The task:
Beginning with the line that holds "Ağrı’da Anadolu Yıldızlar" and ending with the last line below, please copy every line exactly, add nothing, and leave out the pictures.

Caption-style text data

-=-=-

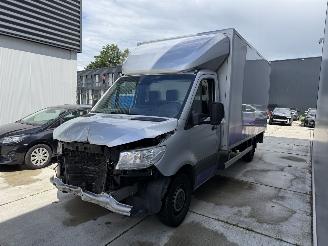 Vaurioauto  passenger cars Mercedes Sprinter 315 1.9 CDI L3 AUTOMAAT-LAAD KLEP-ZIJDEUR 2022/2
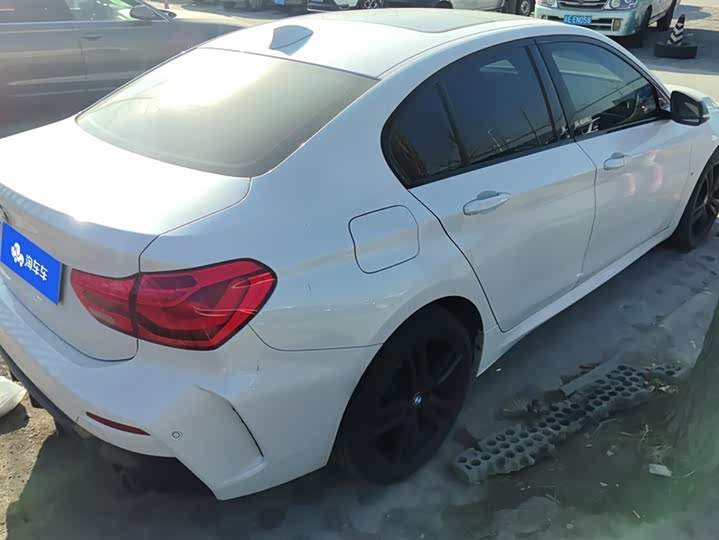 Фото 3 - BMW 1 Series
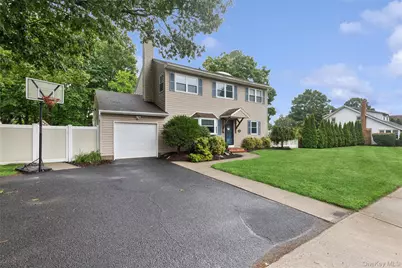 25 N Ocean Avenue, Center Moriches, NY 11934 - Photo 31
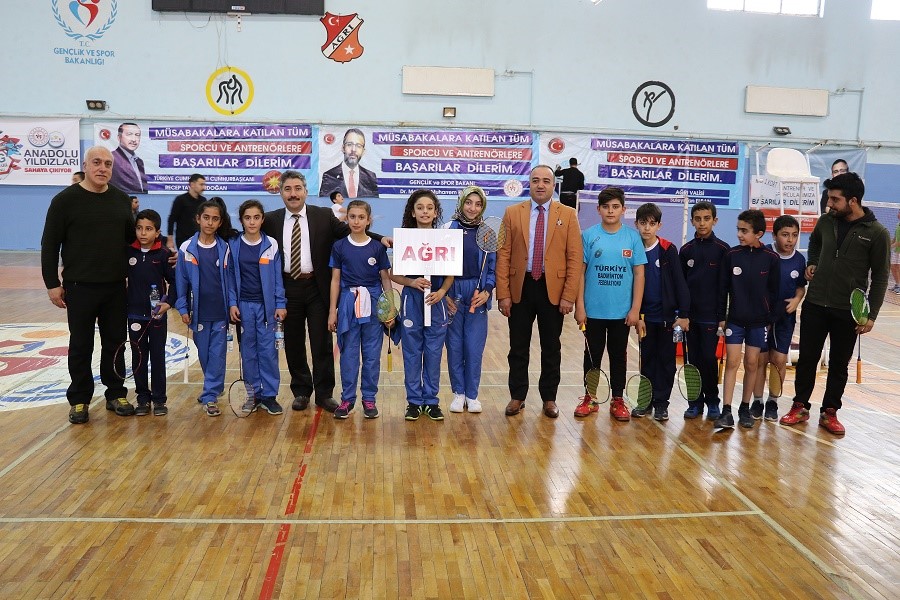 Ağrı’da Anadolu Yıldızlar Ligi (ANALİG) Badminton Grup Müsabakaları Başladı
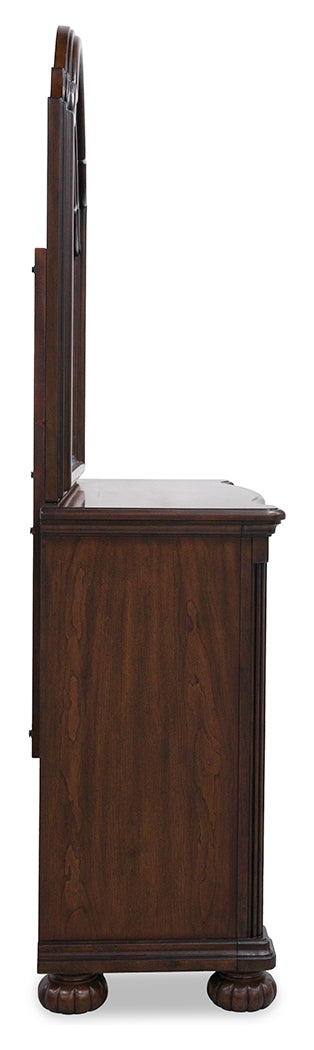 Lavinton Queen Poster Bed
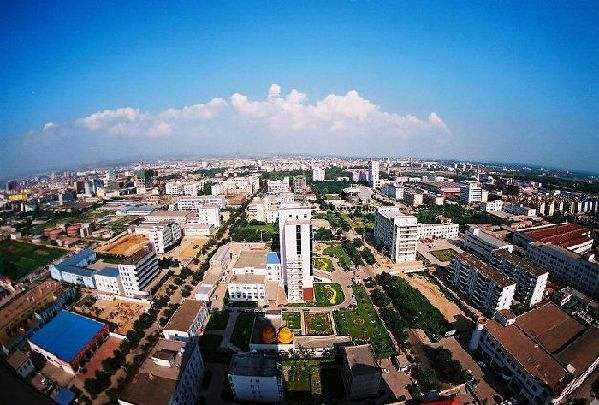 山西抓紧开发区建设 新开工项目435个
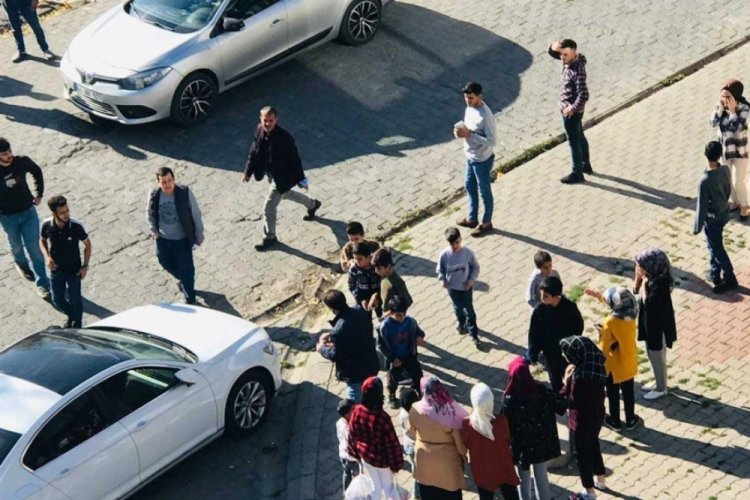 Sokak ortasında kan davası! 7 yaşındaki &ccedil;ocuk yaralandı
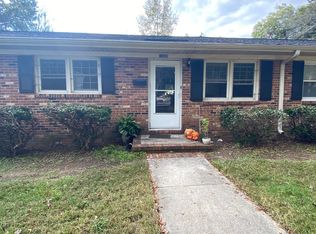 100 W Carr St APT B, Carrboro, NC 27510
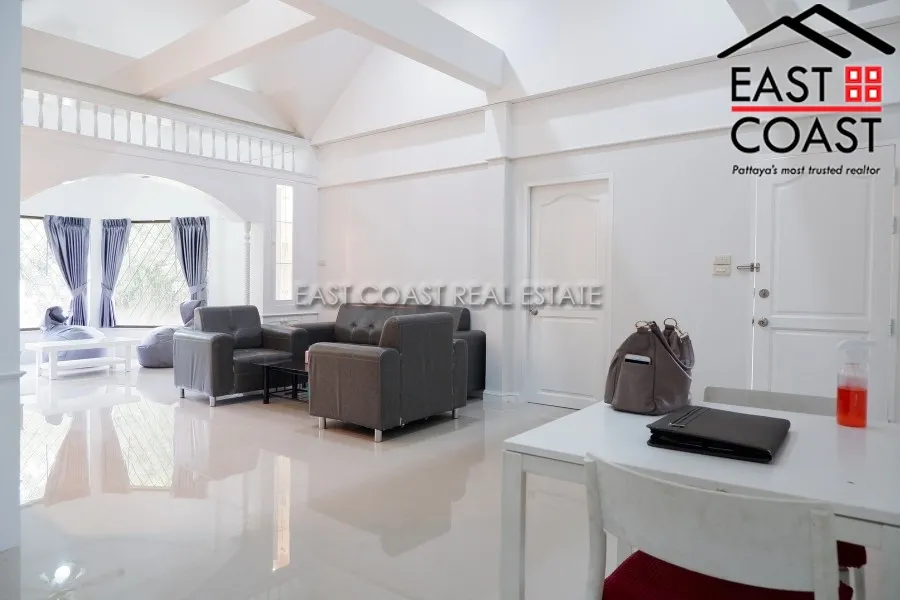 Pattaya Land And House photo 4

-=-=-

Answer for this exercise:
 Ağrı’da Anadolu Yıldızlar Ligi (ANALİG) Badminton Grup Müsabakaları Başladı
 Lavinton Queen Poster Bed
 山西抓紧开发区建设 新开工项目435个
 Sokak ortasında kan davası! 7 yaşındaki &ccedil;ocuk yaralandı
 100 W Carr St APT B, Carrboro, NC 27510
 Pattaya Land And House photo 4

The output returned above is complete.